Jika wanita lain yang berpakaian bebas, bahkan menampilkan sisi sensualitasnya, dibiarkan karena dianggap sebagai kebebasan pribadinya. Padahal, cara mereka bisa jadi mengganggu orang lain, terutama orang-orang yang beriman yang ingin menjaga pandangannya dari maksiat. Bahkan, bisa memicu orang lain untuk berbuat pelecehan terhadapnya.
Yusuf Qordhowi seorang ulama moderat pernah menulis dalam bukunya Fikih Komtemporer, “Sungguh mengherankan! Mengapa wanita-wanita yang berpakaian tetapi telanjang, yang berlenggak-lenggok dan bergaya untuk memikat orang lain kepada kemaksiatan dibebaskan saja tanpa ada seorang pun yang menegurnya? Kemudian mereka tumpahkan seluruh kebencian dan celaan serta caci maki terhadap wanita-wanita bercadar, yang berkeyakinan bahwa hal itu termasuk ajaran agama yang tidak boleh disia-siakan atau dibuat sembarang?

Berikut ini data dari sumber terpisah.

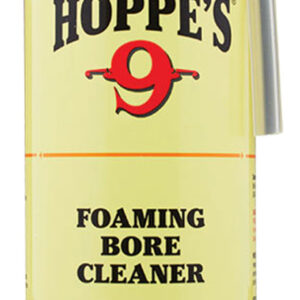 Hoppe’s No. 9 Foaming Bore Cleaner 12 oz Spray
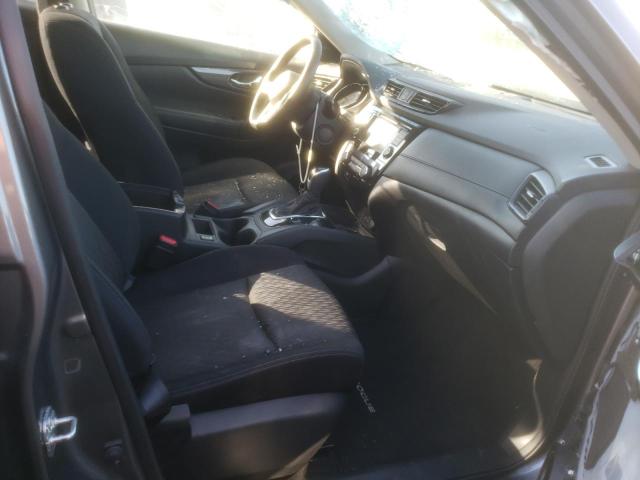 2020 NISSAN ROGUE S JN8AT2MV6LW139634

Aurat wanita bukan milik dirinya sendiri. Artinya, ia tidak bisa mengatakan, “aurat tubuh saya milik pribadi saya…apa urusannya denganmu.” Ruang publik adalah milik bersama, tidak boleh mengatasnamakan kebebasan, bisa berbuat semaunya. Apakah kita juga boleh menggugat pelarangan merokok di tempat-tempat publik? Misalnya, dengan mengatakan, “yang merokok saya, yang terganggu kesehatan diri saya sendiri…kenapa harus dilarang…”. Mereka lupa banyak orang lain yang terganggu karena asap rokok.
Pihak UIN Sunan Kalijaga tentu harus mampu membuktikan cadar telah mengganggu kehidupan kampus yang harmonis. Atau mereka tengah dihinggapi phobia tanpa alasan yang jelas.